• [WORK TASK] Reproduce exactly the lines from the one containing "S tronic Audi" through the end of the listing, minus the pictures.

*** MATERIAL FOR THIS TASK Section Begins ***

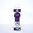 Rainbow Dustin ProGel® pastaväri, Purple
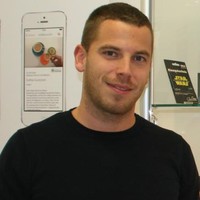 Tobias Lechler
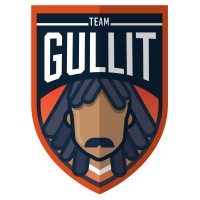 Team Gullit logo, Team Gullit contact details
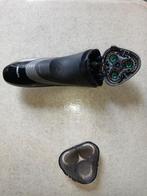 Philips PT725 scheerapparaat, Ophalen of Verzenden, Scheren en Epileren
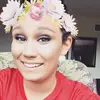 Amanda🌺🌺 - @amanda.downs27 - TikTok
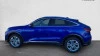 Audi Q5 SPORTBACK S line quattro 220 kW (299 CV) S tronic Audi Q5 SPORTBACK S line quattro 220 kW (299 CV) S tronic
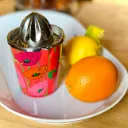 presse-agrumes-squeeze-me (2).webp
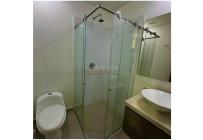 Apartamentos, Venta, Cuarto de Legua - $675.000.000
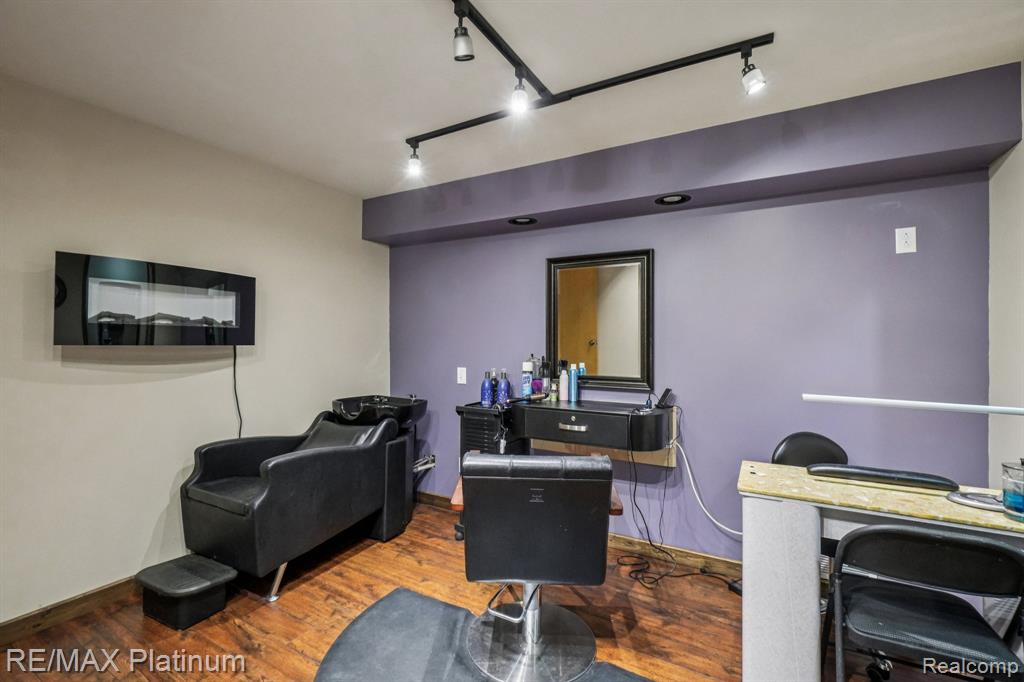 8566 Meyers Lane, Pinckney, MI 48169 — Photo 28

*** MATERIAL FOR THIS TASK Section Ends ***

• [SOLUTION FOR THIS TASK]
 Audi Q5 SPORTBACK S line quattro 220 kW (299 CV) S tronic Audi Q5 SPORTBACK S line quattro 220 kW (299 CV) S tronic
 presse-agrumes-squeeze-me (2).webp
 Apartamentos, Venta, Cuarto de Legua - $675.000.000
 8566 Meyers Lane, Pinckney, MI 48169 — Photo 28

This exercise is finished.